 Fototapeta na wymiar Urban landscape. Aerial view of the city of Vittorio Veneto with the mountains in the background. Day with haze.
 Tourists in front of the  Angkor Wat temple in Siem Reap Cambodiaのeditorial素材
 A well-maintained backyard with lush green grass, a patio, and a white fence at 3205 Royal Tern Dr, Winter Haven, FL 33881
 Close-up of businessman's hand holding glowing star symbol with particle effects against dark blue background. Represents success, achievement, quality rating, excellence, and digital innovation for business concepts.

======

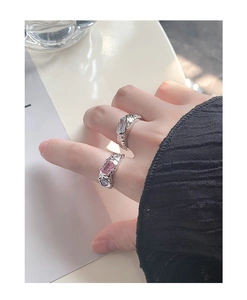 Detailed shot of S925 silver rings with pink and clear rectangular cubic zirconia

======

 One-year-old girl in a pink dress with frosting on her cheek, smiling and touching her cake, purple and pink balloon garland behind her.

======

> **What to produce**
The entries above hold a line with "Fototapeta na wymiar" and a later line with "A well-maintained backyard". Write out exactly those lines and all lines between, nothing more.

> **Answer for this exercise**
 Fototapeta na wymiar Urban landscape. Aerial view of the city of Vittorio Veneto with the mountains in the background. Day with haze.
 Tourists in front of the  Angkor Wat temple in Siem Reap Cambodiaのeditorial素材
 A well-maintained backyard with lush green grass, a patio, and a white fence at 3205 Royal Tern Dr, Winter Haven, FL 33881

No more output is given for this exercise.